5 YEARS LATER, CALLANISH, ISLE OF LEWIS

M aggie stood on the beach looking out to sea. The vast, open ocean always filled her with both contentment and longing.

“Penny for your thoughts, Maggie May,” Len said, taking her arm and squeezing her close.

Maggie shook her head and smiled. She couldn’t put into words what she’d been thinking. That was what feelings were invented for.

“I suspect,” Jory answered instead, taking Maggie’s other arm, “she’s contemplating the sailor who keeps doing that to her.” She nodded at Maggie’s belly, which was only just beginning to swell.

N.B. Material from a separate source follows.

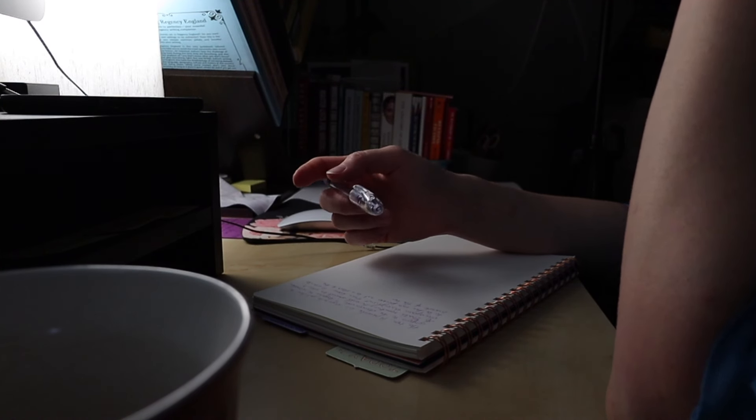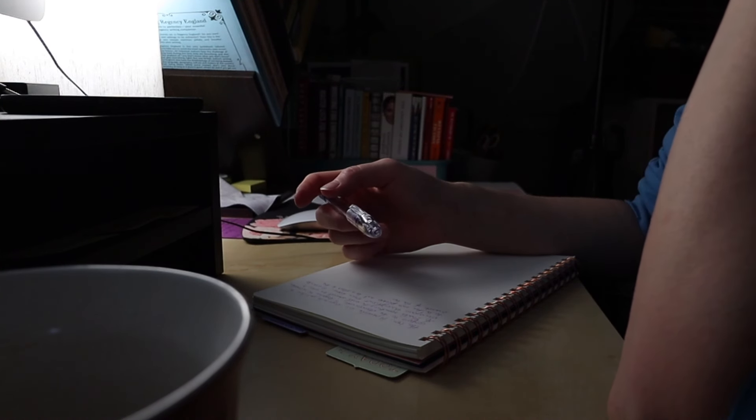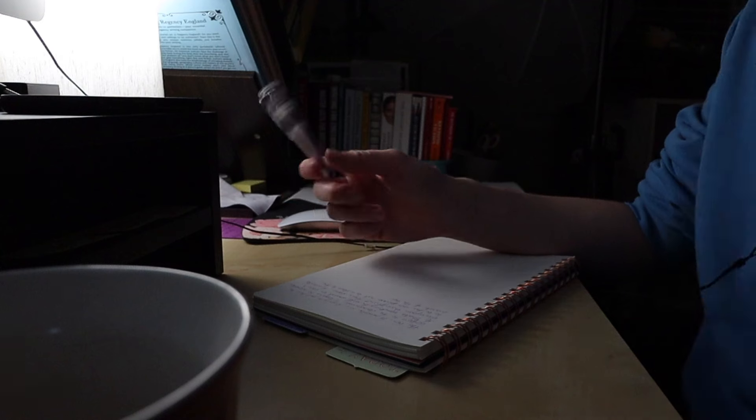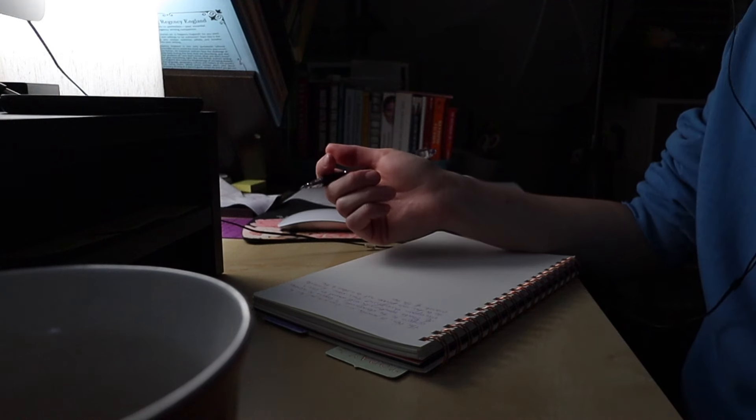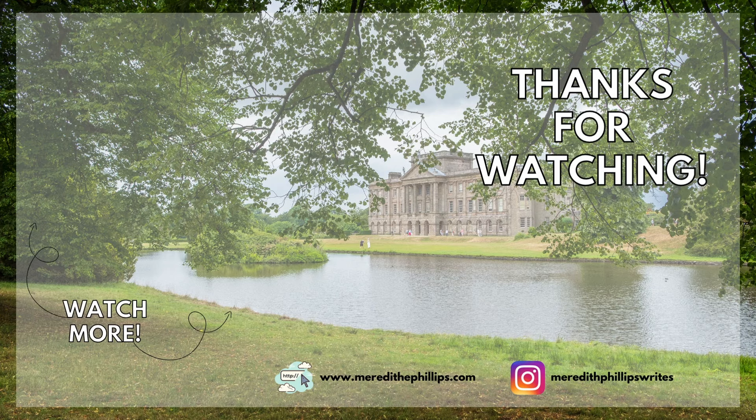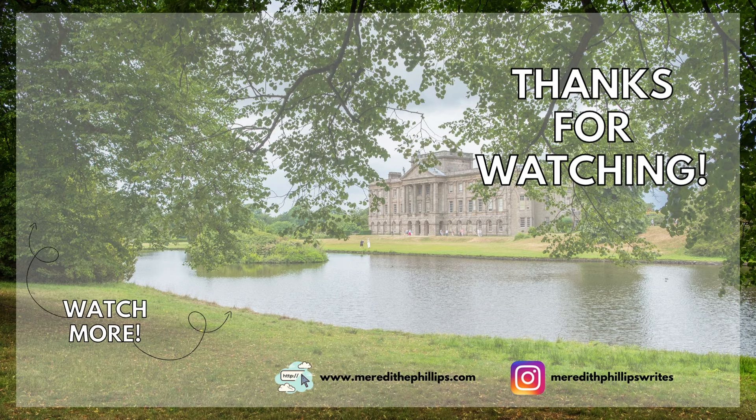Anyway, that's all I wanted to chat about for today. So thank you so much for listening. And I'll see you next time. Bye.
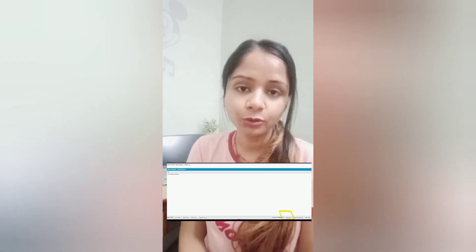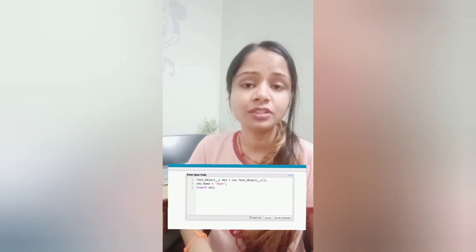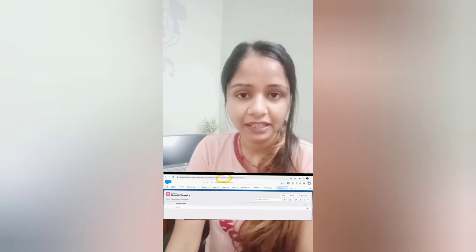The next question: what are the different ways to create a record for an object if the tab for that object is not available? Options include: from the Developer Console query editor, where executing a query gives you an option to create a new record via a pop-up; from the Anonymous Window using insert DML; from the Data Import Wizard, Data Loader, or Workbench. Also, you can replace the object name in the URL with your object's API name to open its list view and create a new record.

No one else had noticed yet, except for Bash.

“Goodness,” Len teased. “When do you plan on stopping? You’ll soon be quite outnumbered. You know we don’t need a christening as an excuse for a visit.”

“Bash says he wants eleven,” Maggie giggled, delighting in the way her cousin winced and her sister’s eyes bugged out.

“Mercy,” Jory said.

“Well,” Len told her, “at least there’s plenty of room for them to run wild here but still be somewhat contained.”

As if to prove the point, Alex and Marjie, Ellen’s two children, ran past shouting, “Run for your lives!” while little Sav and Amoy chased after them hollering like banshees.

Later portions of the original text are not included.